To Sir John Hawkins the navy is indebted for the institution of that noble fund the Chest at Chatham, to which, also, Sir Francis Drake contributed considerably. Elizabeth, determined to retaliate on the Spaniards, fitted out a fleet in the following spring of 146 sail, which destroyed Corunna and Vigo, as well as the Castle of Cascacs at the mouth of the Tagus, and captured sixty large ships. In 1590 the queen allotted 8790 pounds a-year for the repairs of the Royal Navy; a sum which would go but a short way at the present day in building a single ship.
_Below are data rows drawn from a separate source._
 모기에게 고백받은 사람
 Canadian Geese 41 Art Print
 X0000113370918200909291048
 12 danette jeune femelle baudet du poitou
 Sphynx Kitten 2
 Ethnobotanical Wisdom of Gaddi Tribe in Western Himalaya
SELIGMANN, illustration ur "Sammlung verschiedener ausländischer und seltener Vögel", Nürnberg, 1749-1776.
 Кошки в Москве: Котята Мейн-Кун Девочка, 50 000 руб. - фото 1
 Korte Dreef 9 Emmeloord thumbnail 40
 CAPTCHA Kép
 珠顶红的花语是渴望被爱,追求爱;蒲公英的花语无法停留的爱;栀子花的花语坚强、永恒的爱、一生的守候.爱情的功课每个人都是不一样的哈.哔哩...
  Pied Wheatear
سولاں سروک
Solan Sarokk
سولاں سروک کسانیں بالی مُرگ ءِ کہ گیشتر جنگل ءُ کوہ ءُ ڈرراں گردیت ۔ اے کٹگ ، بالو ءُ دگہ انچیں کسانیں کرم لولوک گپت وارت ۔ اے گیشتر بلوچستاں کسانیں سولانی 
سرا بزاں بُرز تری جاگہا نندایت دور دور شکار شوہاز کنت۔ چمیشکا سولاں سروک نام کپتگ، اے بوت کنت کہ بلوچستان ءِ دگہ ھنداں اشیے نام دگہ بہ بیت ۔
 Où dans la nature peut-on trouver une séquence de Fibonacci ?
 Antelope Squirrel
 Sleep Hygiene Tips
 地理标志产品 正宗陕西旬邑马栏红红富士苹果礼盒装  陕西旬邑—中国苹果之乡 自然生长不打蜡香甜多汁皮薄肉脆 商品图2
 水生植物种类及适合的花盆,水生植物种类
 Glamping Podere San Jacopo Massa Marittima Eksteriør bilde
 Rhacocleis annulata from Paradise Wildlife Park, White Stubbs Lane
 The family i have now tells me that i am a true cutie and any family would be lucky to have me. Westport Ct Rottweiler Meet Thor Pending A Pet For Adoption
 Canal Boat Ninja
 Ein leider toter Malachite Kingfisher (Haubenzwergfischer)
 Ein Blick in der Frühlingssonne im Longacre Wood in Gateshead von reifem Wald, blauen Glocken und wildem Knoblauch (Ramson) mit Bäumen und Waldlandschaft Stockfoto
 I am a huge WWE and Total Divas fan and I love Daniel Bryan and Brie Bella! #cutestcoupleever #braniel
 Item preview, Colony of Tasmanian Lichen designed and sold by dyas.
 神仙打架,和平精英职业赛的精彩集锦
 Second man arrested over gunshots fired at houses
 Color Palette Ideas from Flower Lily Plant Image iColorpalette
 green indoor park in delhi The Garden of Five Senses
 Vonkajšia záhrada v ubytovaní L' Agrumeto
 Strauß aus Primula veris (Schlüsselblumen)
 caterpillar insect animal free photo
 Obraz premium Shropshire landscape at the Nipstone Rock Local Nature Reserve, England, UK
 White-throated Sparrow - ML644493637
About this time the telescope was invented by Janssen, a spectacle-maker of Middleburgh, in Zealand. Hearing of it, Galileo immediately constructed his first very imperfect instrument, which magnified only three times. Further experiments enabled him to construct another with a power of eight, and ultimately, sparing neither labour nor expense, he formed one which bore a magnifying power of more than thirty times. With this instrument, he commenced that survey of the heavenly bodies which rendered his name famous as the first of astronomers. In the reign of Charles the Second, in 1671, Sir Isaac Newton constructed his first reflecting telescope, a small ill-made instrument, nine inches only in length—valuable as it was, a pigmy in power compared to Lord Rosse’s six-feet reflector of sixty feet in length. Torricelli, the pupil of Galileo, invented the barometer.
In 1591 the first voyage to the East Indies was undertaken by Captain Lancaster, in three ships. One was sent back with invalids, another was lost with all on board, and the crew of the captain’s ship mutinied while he was on shore on an uninhabited island, and ran off with her, leaving him and his companions for three years, till they were rescued.